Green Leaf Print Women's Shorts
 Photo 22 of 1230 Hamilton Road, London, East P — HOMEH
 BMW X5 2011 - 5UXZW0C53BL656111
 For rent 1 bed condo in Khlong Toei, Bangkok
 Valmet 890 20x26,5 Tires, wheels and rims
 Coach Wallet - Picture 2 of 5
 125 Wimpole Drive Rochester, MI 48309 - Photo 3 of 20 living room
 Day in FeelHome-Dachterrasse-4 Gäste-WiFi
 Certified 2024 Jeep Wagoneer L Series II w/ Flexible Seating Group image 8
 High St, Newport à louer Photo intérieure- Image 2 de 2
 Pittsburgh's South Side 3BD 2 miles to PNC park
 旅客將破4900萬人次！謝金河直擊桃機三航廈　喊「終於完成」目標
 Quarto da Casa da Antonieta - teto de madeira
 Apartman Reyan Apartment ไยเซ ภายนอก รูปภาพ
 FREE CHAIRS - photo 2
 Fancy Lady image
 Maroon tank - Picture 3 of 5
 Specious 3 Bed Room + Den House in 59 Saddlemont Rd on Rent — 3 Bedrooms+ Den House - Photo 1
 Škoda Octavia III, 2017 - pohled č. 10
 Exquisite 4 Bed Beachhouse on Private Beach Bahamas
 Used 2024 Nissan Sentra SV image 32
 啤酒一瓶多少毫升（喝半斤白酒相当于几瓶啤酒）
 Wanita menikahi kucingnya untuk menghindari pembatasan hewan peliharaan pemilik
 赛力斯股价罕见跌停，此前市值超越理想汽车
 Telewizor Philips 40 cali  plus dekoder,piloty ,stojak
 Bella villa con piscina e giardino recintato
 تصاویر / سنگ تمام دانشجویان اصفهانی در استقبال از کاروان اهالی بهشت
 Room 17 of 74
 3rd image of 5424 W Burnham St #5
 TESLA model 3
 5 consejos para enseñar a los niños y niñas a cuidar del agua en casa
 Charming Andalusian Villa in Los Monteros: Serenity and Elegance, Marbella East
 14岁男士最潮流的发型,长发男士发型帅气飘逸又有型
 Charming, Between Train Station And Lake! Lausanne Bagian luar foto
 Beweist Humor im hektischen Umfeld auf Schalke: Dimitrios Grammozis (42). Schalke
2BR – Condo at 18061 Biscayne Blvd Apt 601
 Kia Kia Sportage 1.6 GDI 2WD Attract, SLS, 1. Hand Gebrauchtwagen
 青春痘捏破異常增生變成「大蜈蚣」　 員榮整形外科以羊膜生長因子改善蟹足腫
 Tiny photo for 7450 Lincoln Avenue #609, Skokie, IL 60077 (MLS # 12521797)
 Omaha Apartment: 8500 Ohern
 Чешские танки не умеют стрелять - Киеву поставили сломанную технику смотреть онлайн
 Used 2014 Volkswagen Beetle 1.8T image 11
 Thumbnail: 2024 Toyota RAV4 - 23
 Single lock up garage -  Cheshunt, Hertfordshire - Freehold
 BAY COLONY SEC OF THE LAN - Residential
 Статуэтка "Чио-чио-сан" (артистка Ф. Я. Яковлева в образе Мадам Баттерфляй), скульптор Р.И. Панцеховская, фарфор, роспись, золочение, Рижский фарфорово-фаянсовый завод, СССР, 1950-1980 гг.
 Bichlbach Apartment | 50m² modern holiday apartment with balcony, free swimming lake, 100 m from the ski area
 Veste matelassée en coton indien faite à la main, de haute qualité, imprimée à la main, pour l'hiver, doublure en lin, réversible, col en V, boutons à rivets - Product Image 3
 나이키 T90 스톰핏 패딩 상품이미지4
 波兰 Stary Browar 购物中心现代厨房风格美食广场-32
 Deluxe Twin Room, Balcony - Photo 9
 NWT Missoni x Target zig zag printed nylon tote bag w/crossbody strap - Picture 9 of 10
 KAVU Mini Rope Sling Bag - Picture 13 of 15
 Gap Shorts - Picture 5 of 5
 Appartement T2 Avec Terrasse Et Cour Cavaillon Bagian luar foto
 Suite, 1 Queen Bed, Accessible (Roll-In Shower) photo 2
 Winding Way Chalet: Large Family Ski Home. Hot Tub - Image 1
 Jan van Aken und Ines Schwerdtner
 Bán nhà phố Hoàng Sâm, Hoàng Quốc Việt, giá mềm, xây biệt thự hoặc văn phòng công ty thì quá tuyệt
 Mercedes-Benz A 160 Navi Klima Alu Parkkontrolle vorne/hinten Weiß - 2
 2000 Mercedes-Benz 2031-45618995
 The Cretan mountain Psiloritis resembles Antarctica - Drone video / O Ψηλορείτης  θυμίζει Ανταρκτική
================
- PROBLEM TO WORK ON -
From the records above, give again exactly the lines running from the line with "TESLA model 3" to the line with "Thumbnail: 2024 Toyota RAV4 - 23", inclusive.

- TASK ANSWER -
 TESLA model 3
 5 consejos para enseñar a los niños y niñas a cuidar del agua en casa
 Charming Andalusian Villa in Los Monteros: Serenity and Elegance, Marbella East
 14岁男士最潮流的发型,长发男士发型帅气飘逸又有型
 Charming, Between Train Station And Lake! Lausanne Bagian luar foto
 Beweist Humor im hektischen Umfeld auf Schalke: Dimitrios Grammozis (42). Schalke
2BR – Condo at 18061 Biscayne Blvd Apt 601
 Kia Kia Sportage 1.6 GDI 2WD Attract, SLS, 1. Hand Gebrauchtwagen
 青春痘捏破異常增生變成「大蜈蚣」　 員榮整形外科以羊膜生長因子改善蟹足腫
 Tiny photo for 7450 Lincoln Avenue #609, Skokie, IL 60077 (MLS # 12521797)
 Omaha Apartment: 8500 Ohern
 Чешские танки не умеют стрелять - Киеву поставили сломанную технику смотреть онлайн
 Used 2014 Volkswagen Beetle 1.8T image 11
 Thumbnail: 2024 Toyota RAV4 - 23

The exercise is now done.